Task description. Below, find the line containing "じわじわと沁み入るような、素敵な映画です♡" and the line containing "Torre Garisenda: l'inaspettato"; reproduce exactly those two and every line between them, omitting pictures.

Data section.
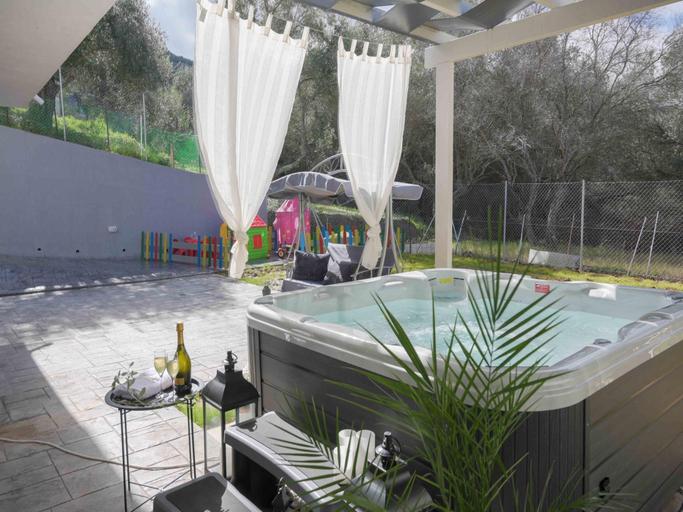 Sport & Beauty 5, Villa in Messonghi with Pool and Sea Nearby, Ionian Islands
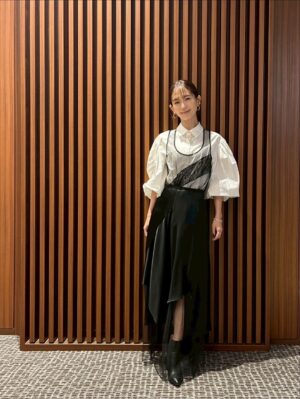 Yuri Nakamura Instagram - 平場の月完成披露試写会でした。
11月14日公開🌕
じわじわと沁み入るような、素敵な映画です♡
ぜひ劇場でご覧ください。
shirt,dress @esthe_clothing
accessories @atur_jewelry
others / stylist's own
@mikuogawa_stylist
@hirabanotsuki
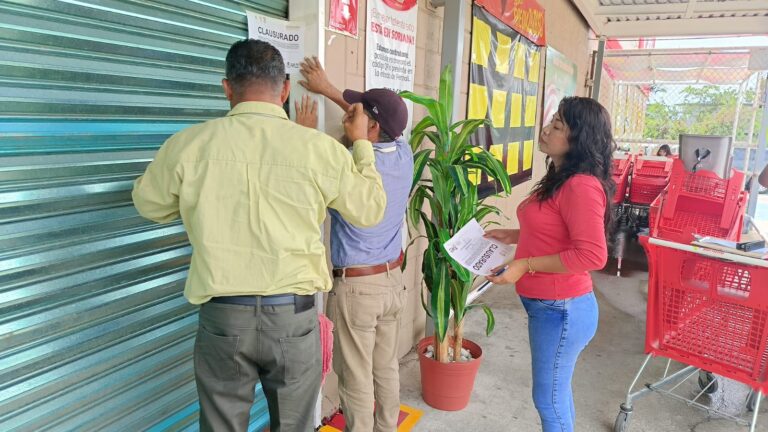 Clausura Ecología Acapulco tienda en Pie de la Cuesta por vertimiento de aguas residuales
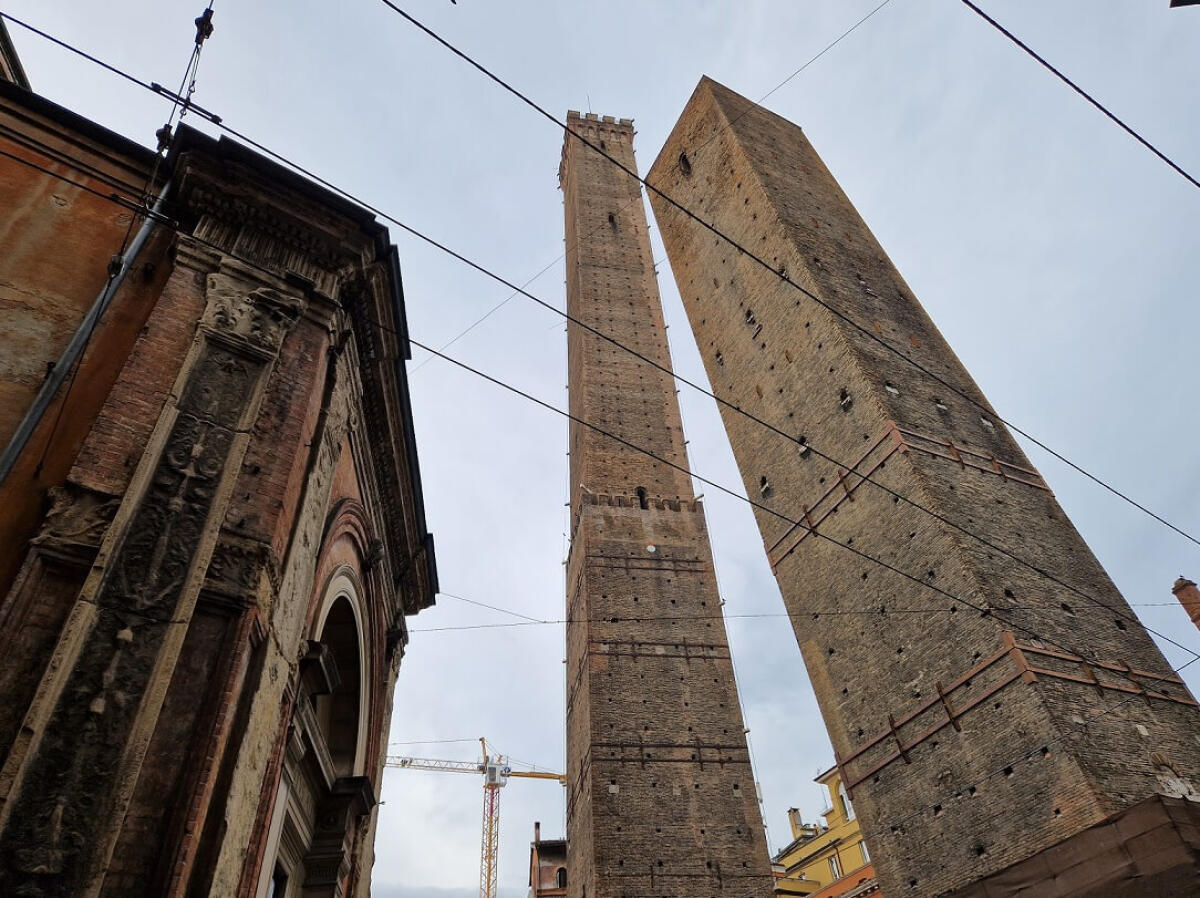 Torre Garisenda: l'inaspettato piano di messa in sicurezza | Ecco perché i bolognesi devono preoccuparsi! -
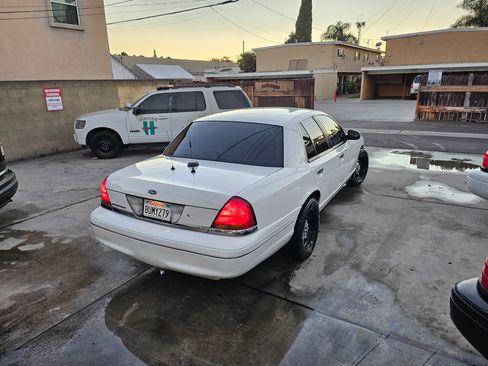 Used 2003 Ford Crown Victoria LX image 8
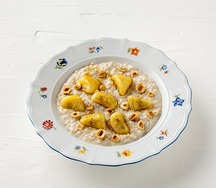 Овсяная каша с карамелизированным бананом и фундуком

Your solution.
じわじわと沁み入るような、素敵な映画です♡
ぜひ劇場でご覧ください。
shirt,dress @esthe_clothing
accessories @atur_jewelry
others / stylist's own
@mikuogawa_stylist
@hirabanotsuki
 Clausura Ecología Acapulco tienda en Pie de la Cuesta por vertimiento de aguas residuales
 Torre Garisenda: l'inaspettato piano di messa in sicurezza | Ecco perché i bolognesi devono preoccuparsi! -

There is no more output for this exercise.